◆ **Problem to work on**
For every line below, restate it exactly and drop the images.

[Crawled caption data]
[Start of Attachment]

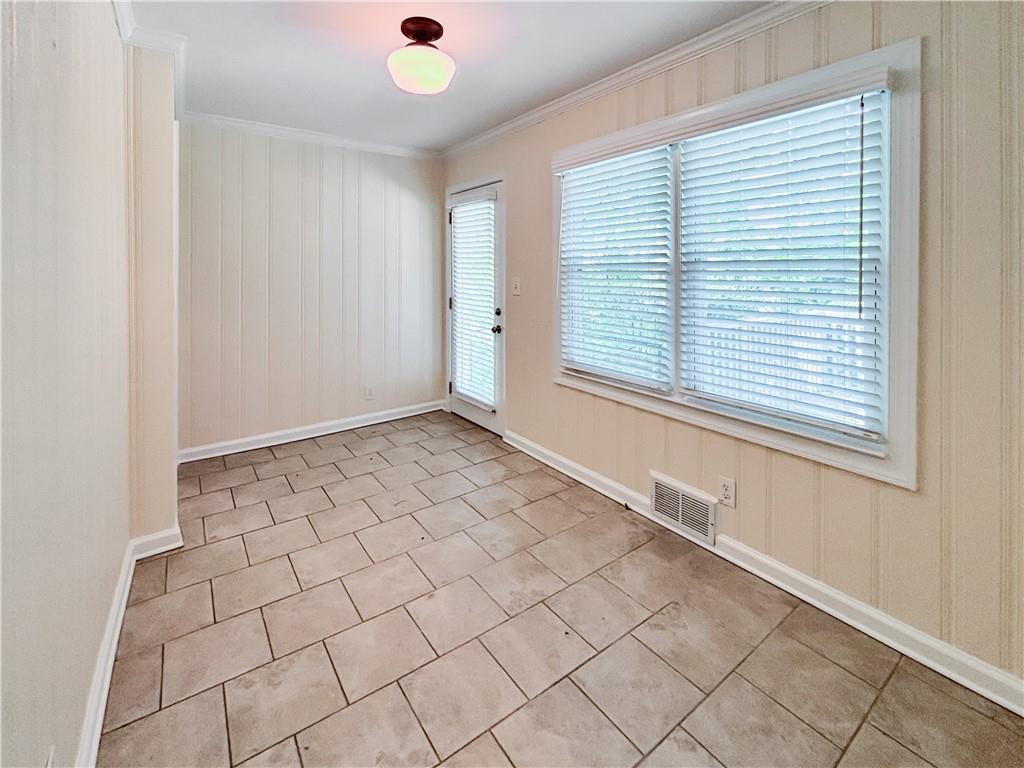 6058 Harleston Road Northeast Atlanta, GA 30328 - Photo 12 of 30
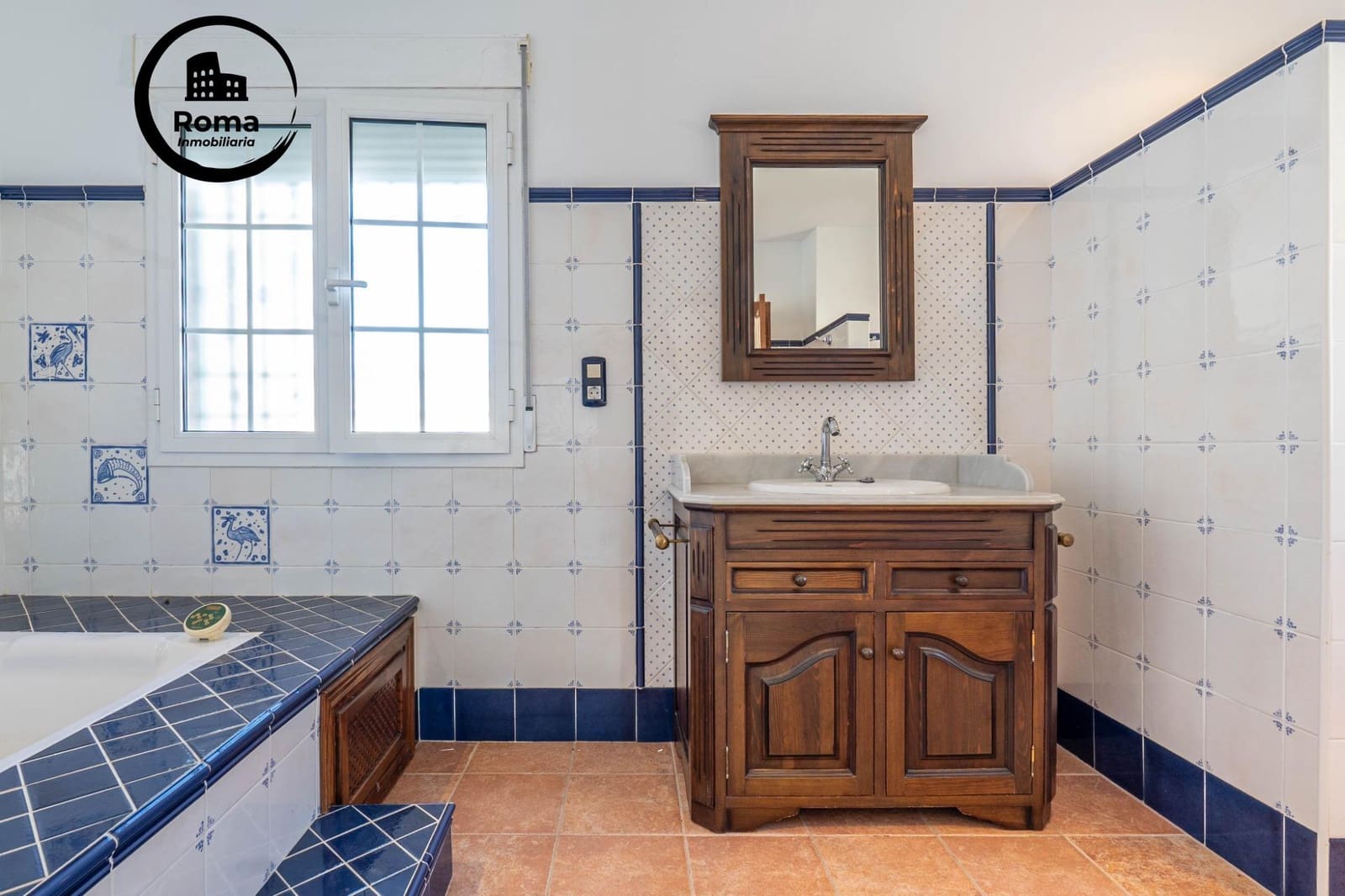 5 slaapkamer Villa te koop in Santa Fe met zwembad garage - € 450.000 (Ref: 9652153)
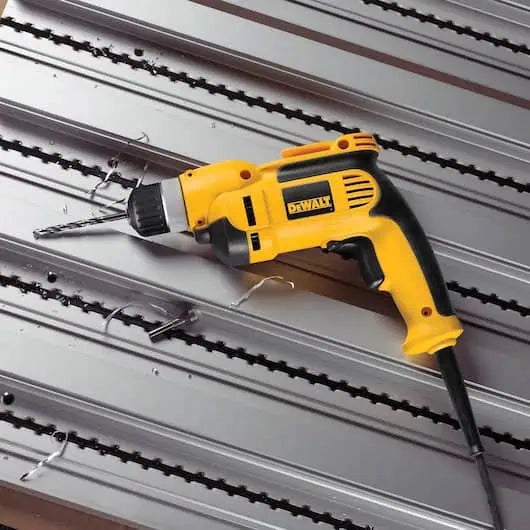 DeWalt VSR 3/8" Pistol Grip Drill with Keyless Chuck Kit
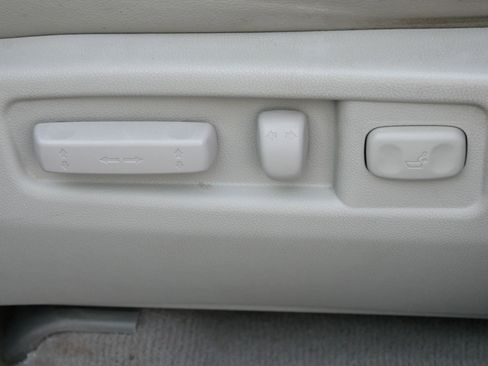 Used 2009 Acura MDX image 17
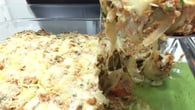 Batatas bolinha gratinadas com cebola na manteiga e atum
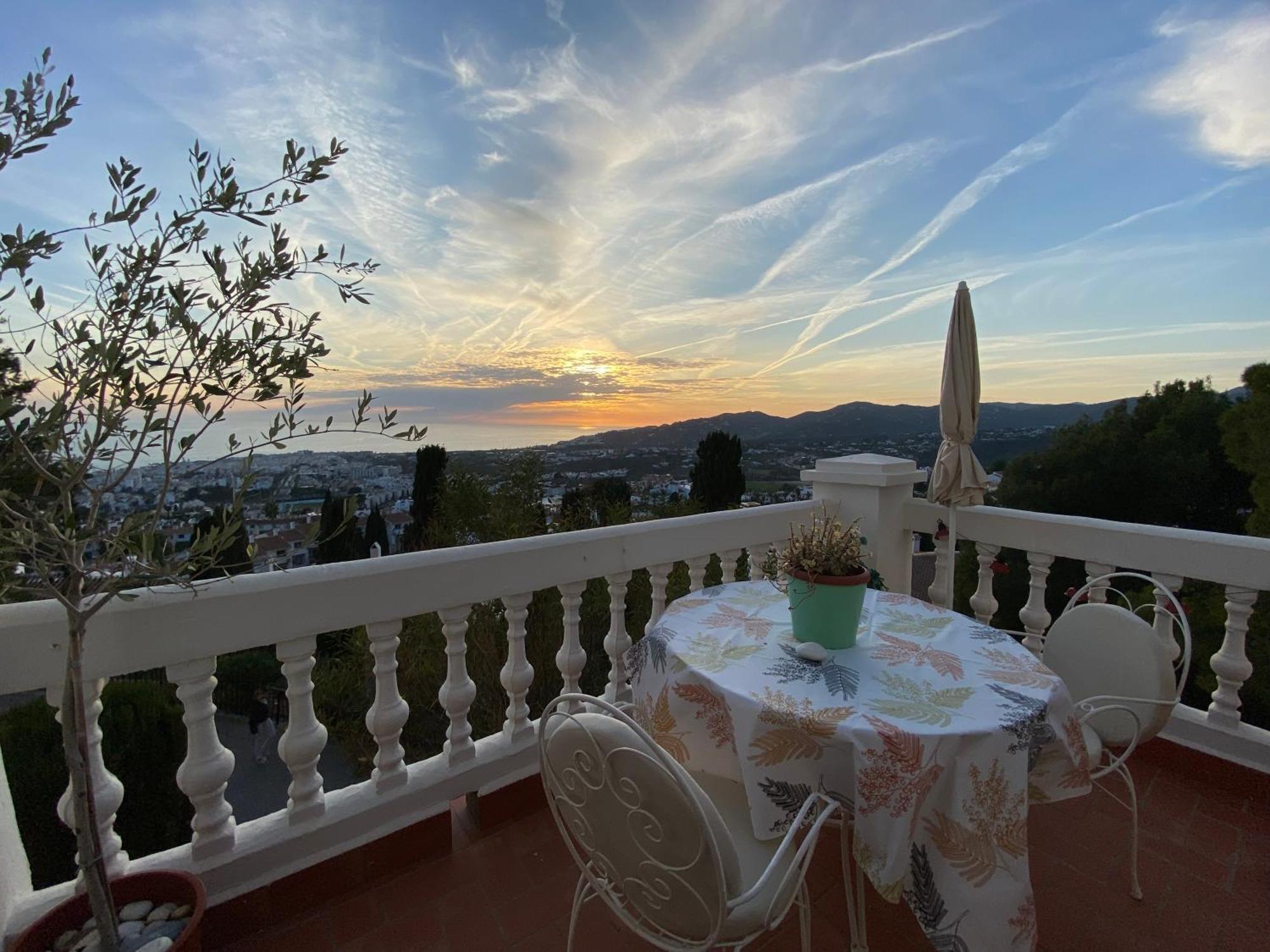 Precioso Apartamento Mandarinos Con Vistas Al Mar Nerja Exterior photo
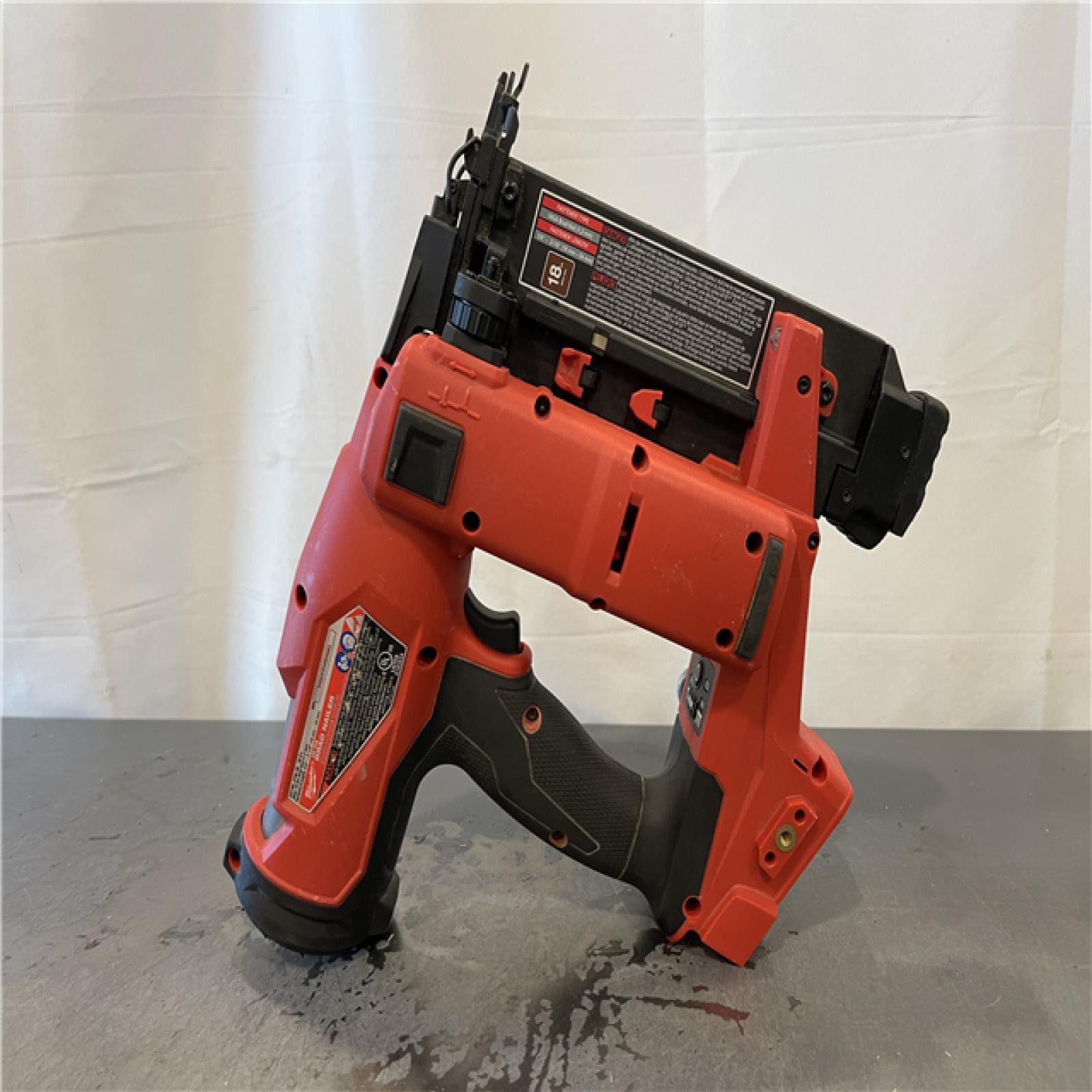 AS-IS - Milwaukee M18 Fuel 18V Brushless 18-Gauge Brad Nailer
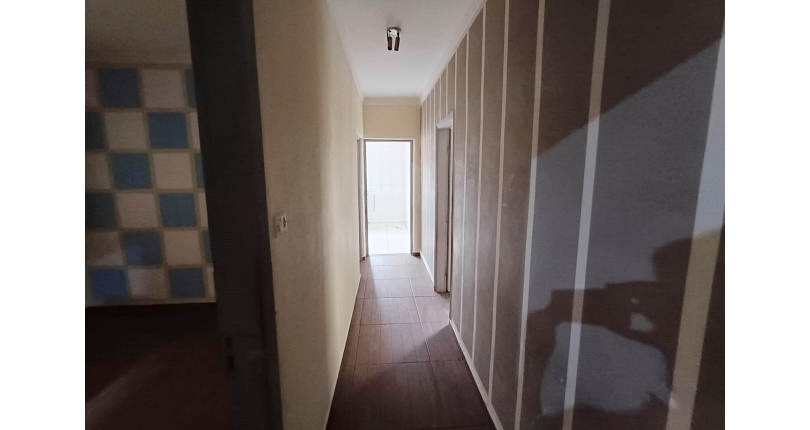 Casa para renda à venda no Bairro do Jardim Santo Elias na Rua Benedito da Fonseca Rondon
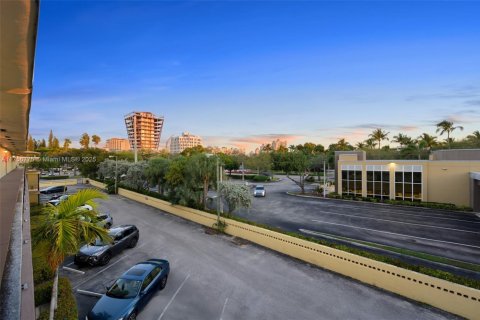 Copropriété à vendre à Aventura, Floride: 1 chambre, 74.32 m2 № 1860253 - photo 20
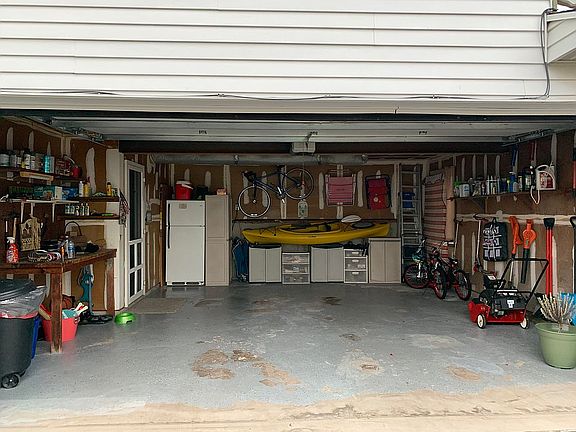 2nd image of 209 Meadowbrook Pkwy E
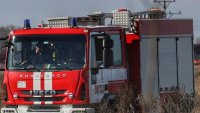 Огнена стихия край Петрич: Вятърът затруднява гасенето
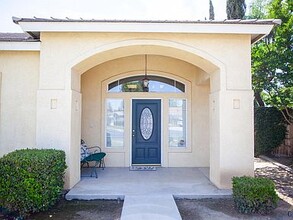 9611 Mersham Ct in Bakersfield, CA - Building Photo - Building Photo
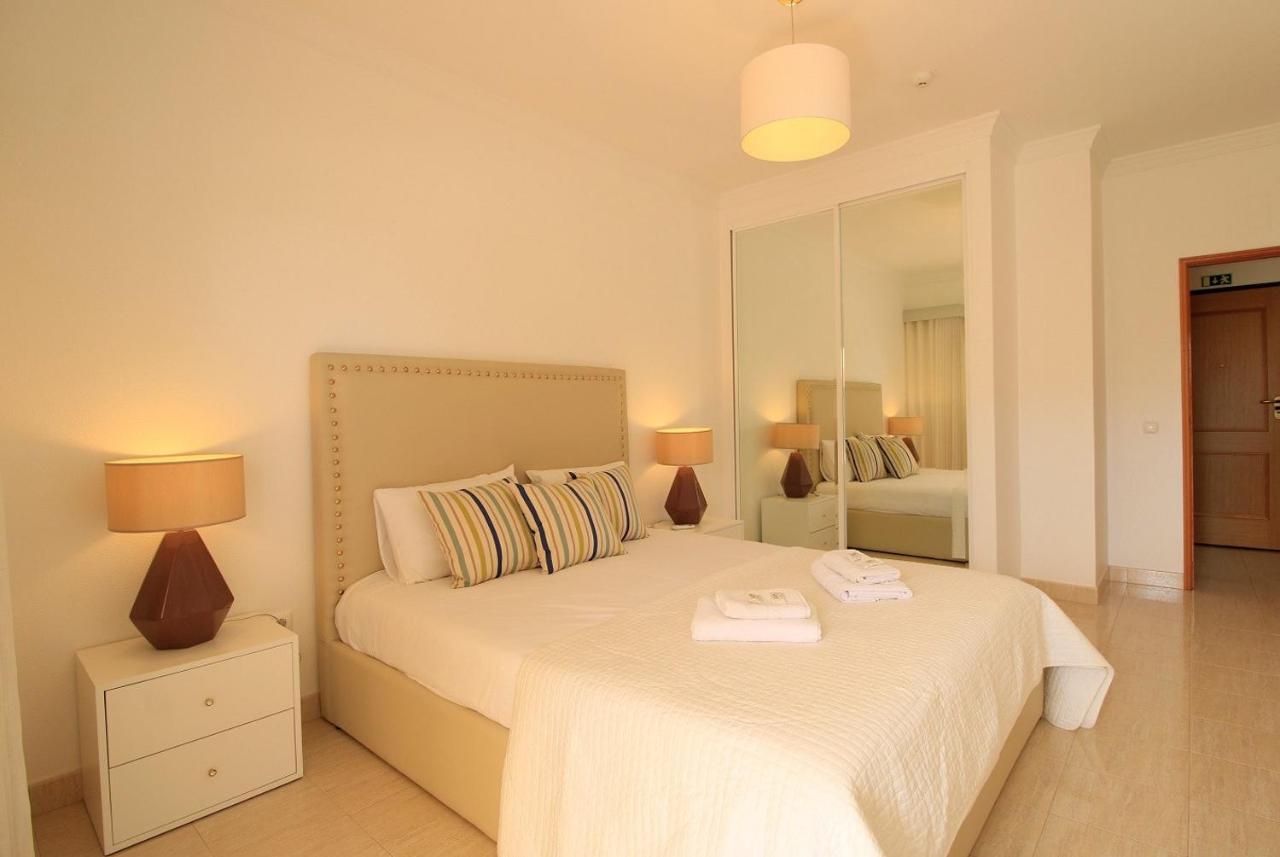 Ferienwohnung Armacao De Pera Brightness With Pool By Homing Exterior foto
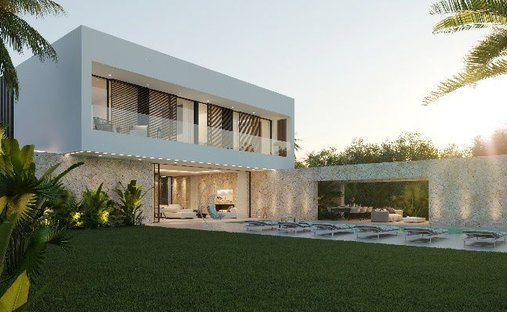 Villa in San Pedro de Alcantara, Andalusia, Spain 1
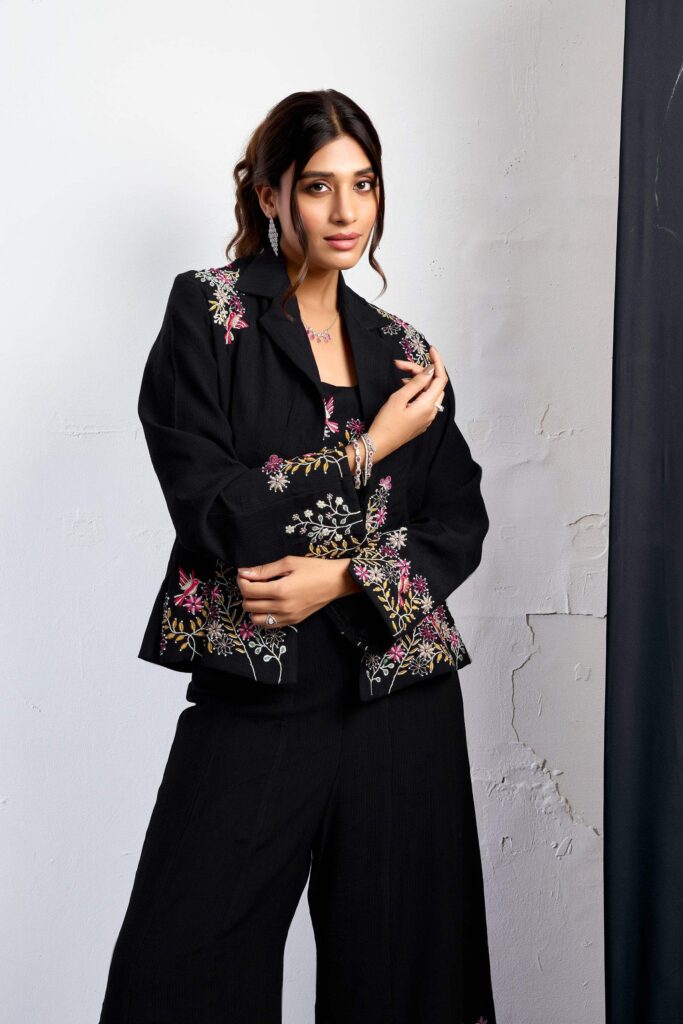 Timeless Embroiderd Blazer Set - Black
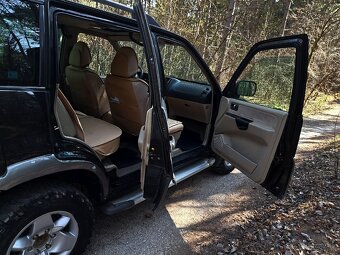 Predám Nissan Terrano II 3.0l tdi 113kw - 10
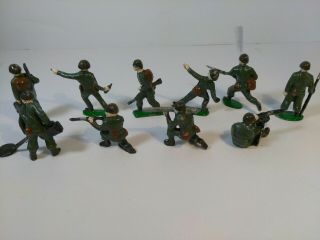 Vintage Charbens lead / metal WWI Toy Soldiers 2 1/2 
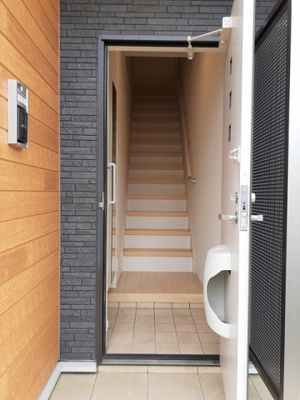 【玄関】 | エターナル | 収納もある玄関です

[End of Attachment]

◆ **Completed exercise**
 6058 Harleston Road Northeast Atlanta, GA 30328 - Photo 12 of 30
 5 slaapkamer Villa te koop in Santa Fe met zwembad garage - € 450.000 (Ref: 9652153)
 DeWalt VSR 3/8" Pistol Grip Drill with Keyless Chuck Kit
 Used 2009 Acura MDX image 17
 Batatas bolinha gratinadas com cebola na manteiga e atum
 Precioso Apartamento Mandarinos Con Vistas Al Mar Nerja Exterior photo
 AS-IS - Milwaukee M18 Fuel 18V Brushless 18-Gauge Brad Nailer
 Casa para renda à venda no Bairro do Jardim Santo Elias na Rua Benedito da Fonseca Rondon
 Copropriété à vendre à Aventura, Floride: 1 chambre, 74.32 m2 № 1860253 - photo 20
 2nd image of 209 Meadowbrook Pkwy E
 Огнена стихия край Петрич: Вятърът затруднява гасенето
 9611 Mersham Ct in Bakersfield, CA - Building Photo - Building Photo
 Ferienwohnung Armacao De Pera Brightness With Pool By Homing Exterior foto
 Villa in San Pedro de Alcantara, Andalusia, Spain 1
 Timeless Embroiderd Blazer Set - Black
 Predám Nissan Terrano II 3.0l tdi 113kw - 10
 Vintage Charbens lead / metal WWI Toy Soldiers 2 1/2 
 【玄関】 | エターナル | 収納もある玄関です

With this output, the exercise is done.